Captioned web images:

+ + + + +

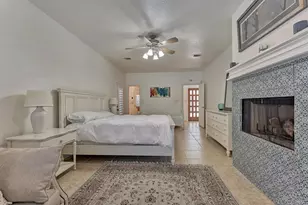 3142 Lazy Lake Ln, Montgomery, TX 77356 - Photo 27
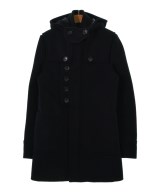 BALENCIAGA コート（その他）
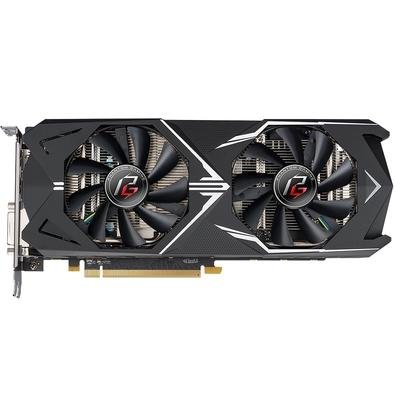 placa-de-video-asrock-phantom-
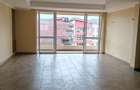 3 Bed Apartment with En Suite at Argwings Kodhek Road - 3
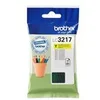 Image de Brother LC3217Y - jaune - original - cartouche d'encre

+ + + + +

Work instructions: Copy all the records word for word and keep the pictures out.

Response to the task:
 3142 Lazy Lake Ln, Montgomery, TX 77356 - Photo 27
 BALENCIAGA コート（その他）
 placa-de-video-asrock-phantom-
 3 Bed Apartment with En Suite at Argwings Kodhek Road - 3
 Image de Brother LC3217Y - jaune - original - cartouche d'encre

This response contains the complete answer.